■ What to produce: Starting at the first line of the data, please print exactly those lines through the one that holds "Opening screen of", omitting every picture.

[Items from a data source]
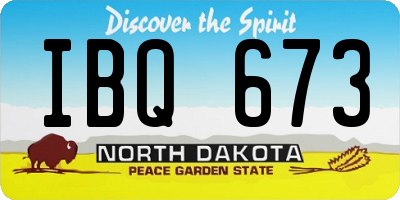ND license plate IBQ673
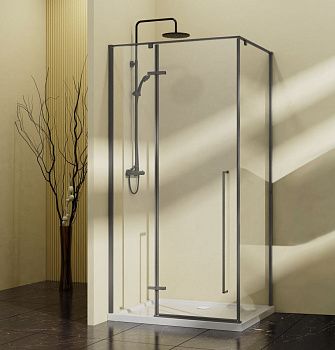 Душевой уголок Vincea Slim-N VSR-5SN1010CLGM 100х100 стекло прозрачное профиль вороненая сталь без поддона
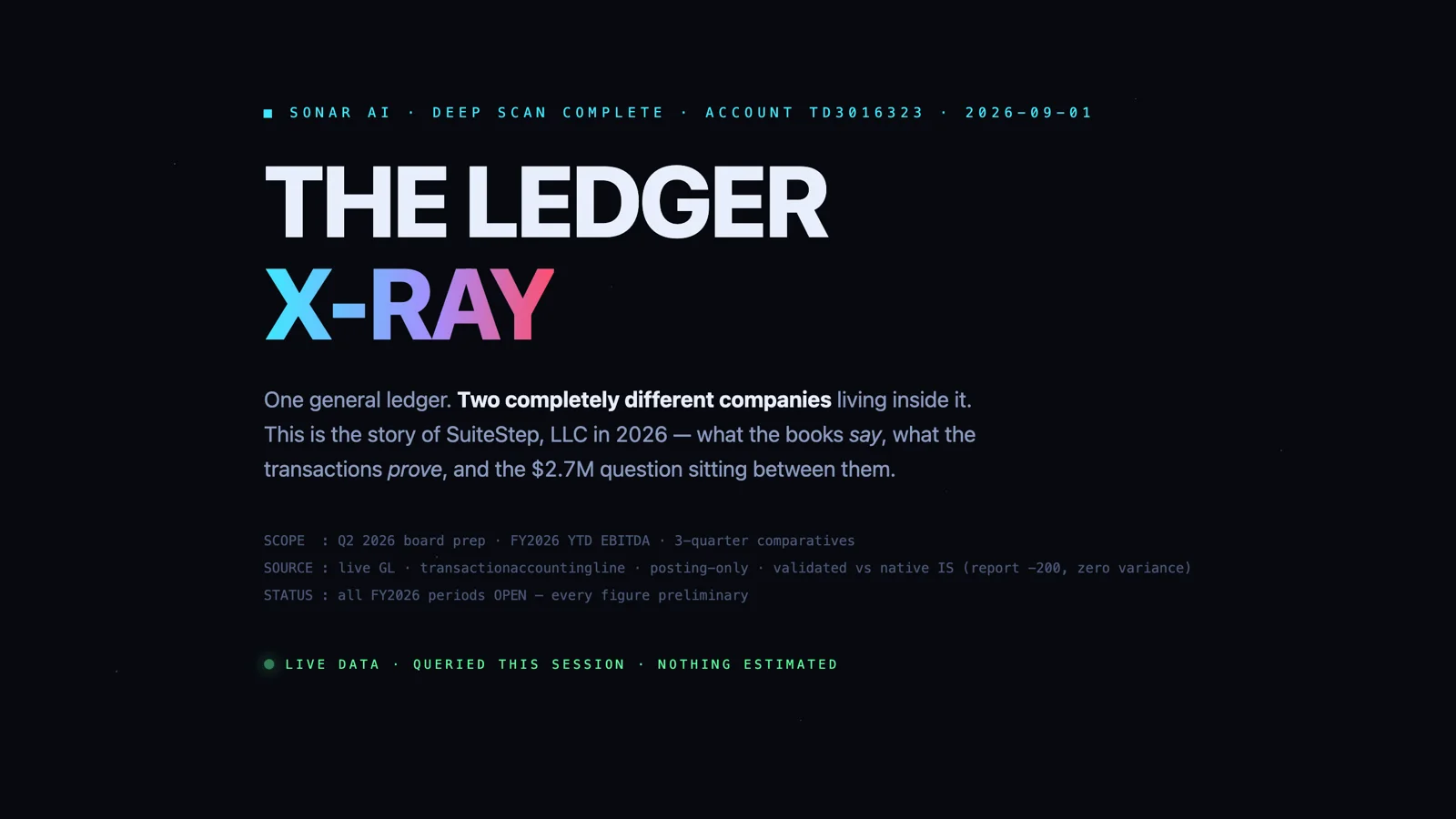 Opening screen of The Ledger X-Ray sample report: one general ledger, two completely different companies living inside it
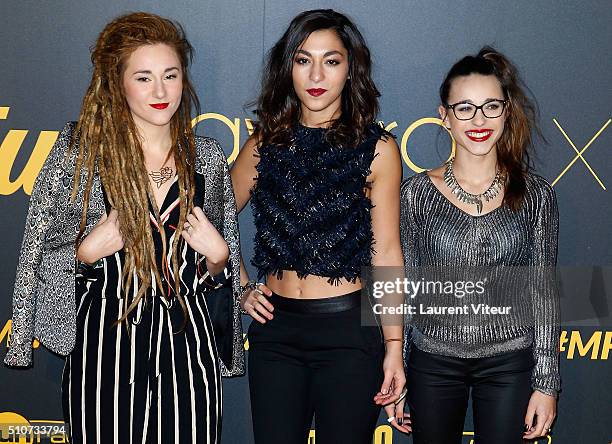 Singers L.E.J. Attend The Melty Future Awards 2016 Ceremony at Le Grand Rex on February 16, 2016 in Paris, France.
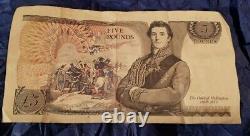 Vintage Retro Old Rare £5 Note Duke of Wellington Retro 5 Pounds White Notes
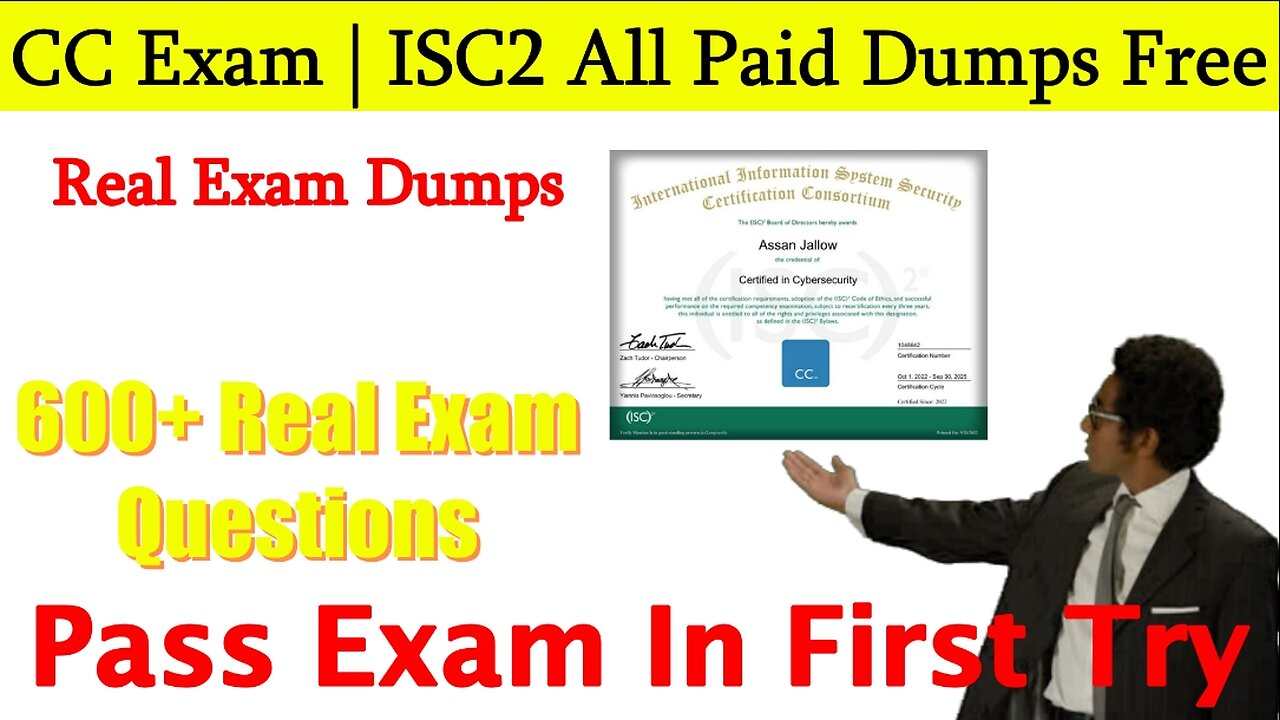 CC Exam | ISC² Certification All 800+ Practice Questions | Paid Dumps For Free | 2023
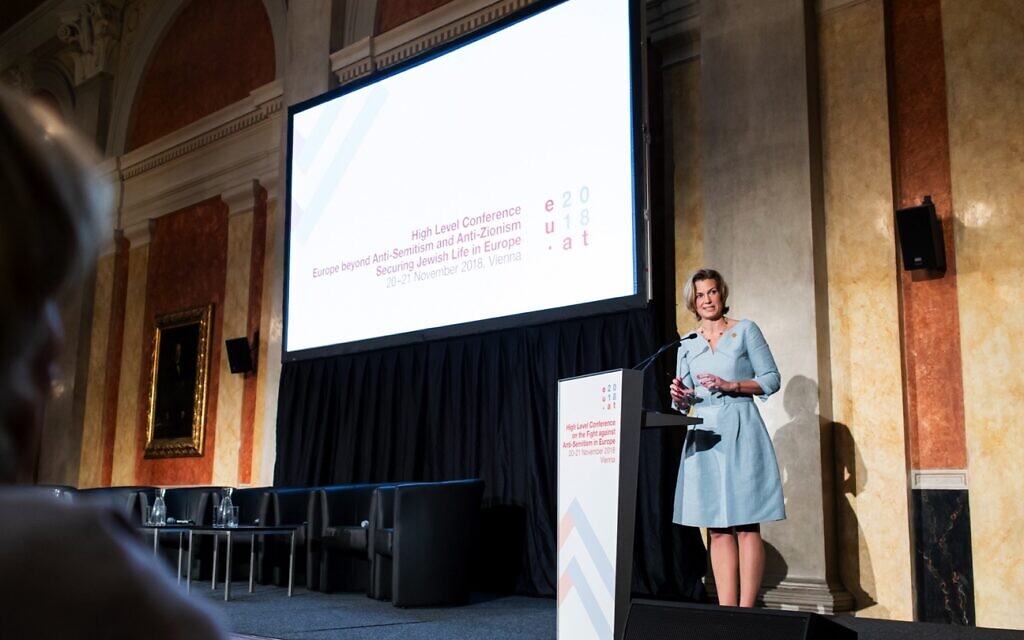 Katharina von Schnurbein speaks at a European Jewish Congress event in Vienna, in this undated photo. (Courtesy)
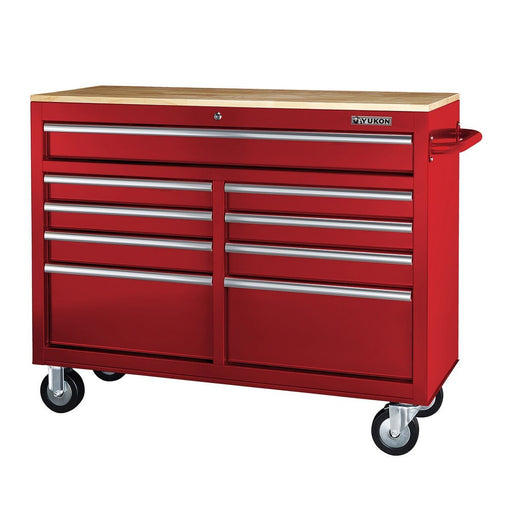 KVM Tools Yukon KV57805 46 in. 9 Drawer Mobile Storage Cabinet with Solid Wood Top, Red - Redwood.KV57805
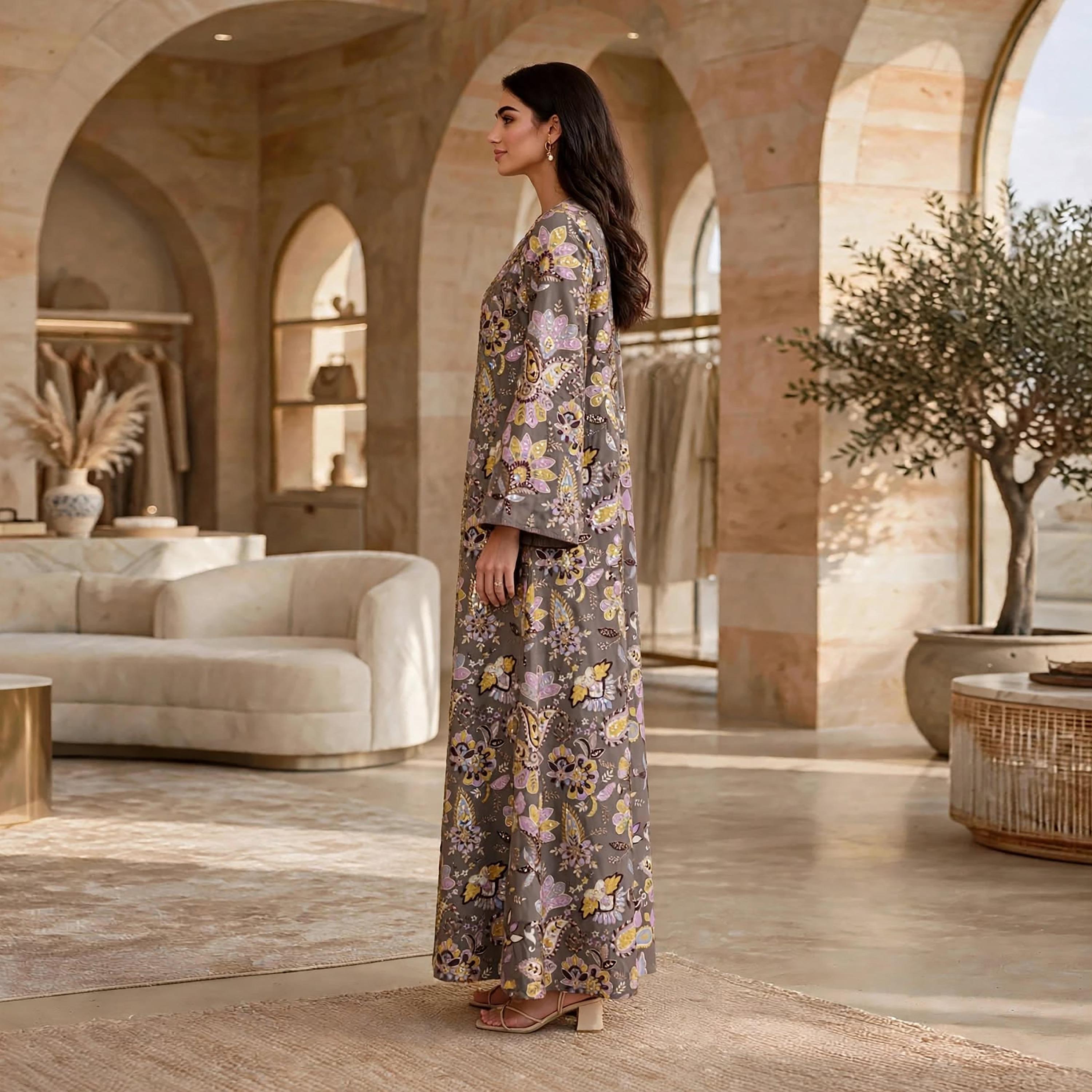 IKKXA Floral Embellished Flared Sleeves Women's Jalabiya-women-arabicclothing-jalabiyas-image-4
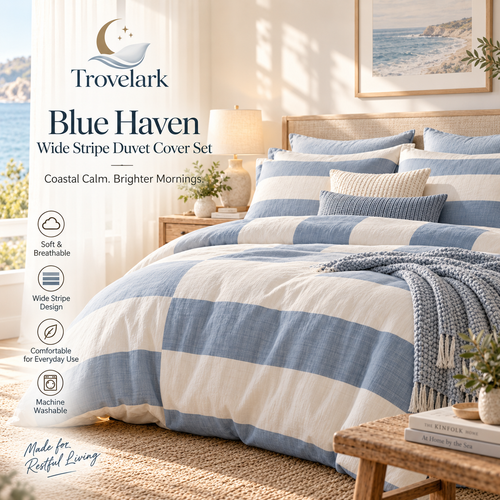 Blue Haven Wide Stripe Duvet Cover Set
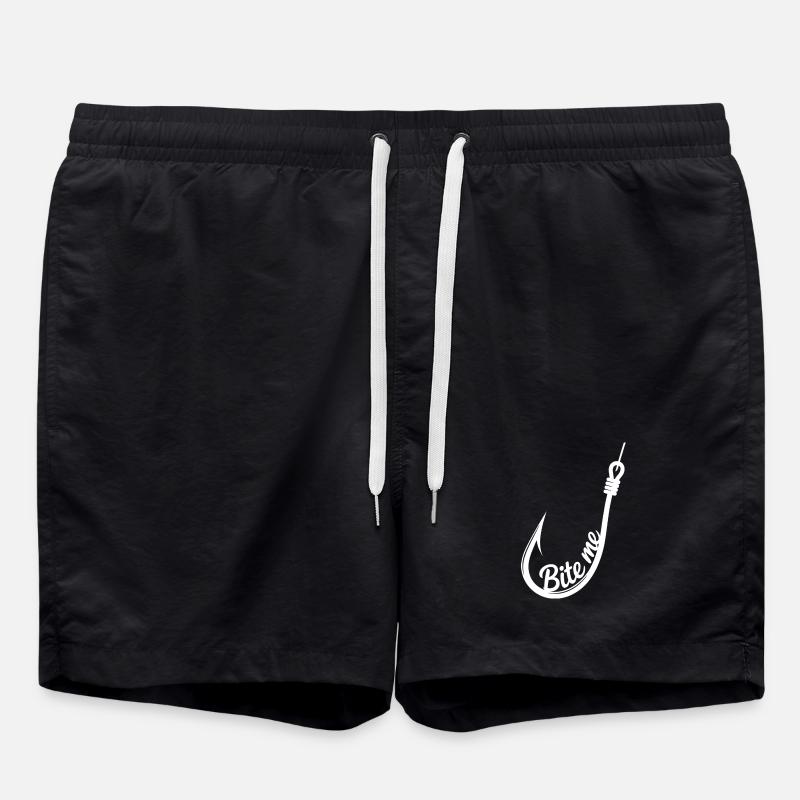 Bite Me Fishing Hook Emblem - Swim Trunks - black
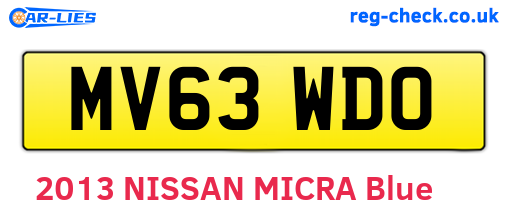 MV63WDO are the vehicle registration plates.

■ Task response:
ND license plate IBQ673
 Душевой уголок Vincea Slim-N VSR-5SN1010CLGM 100х100 стекло прозрачное профиль вороненая сталь без поддона
 Opening screen of The Ledger X-Ray sample report: one general ledger, two completely different companies living inside it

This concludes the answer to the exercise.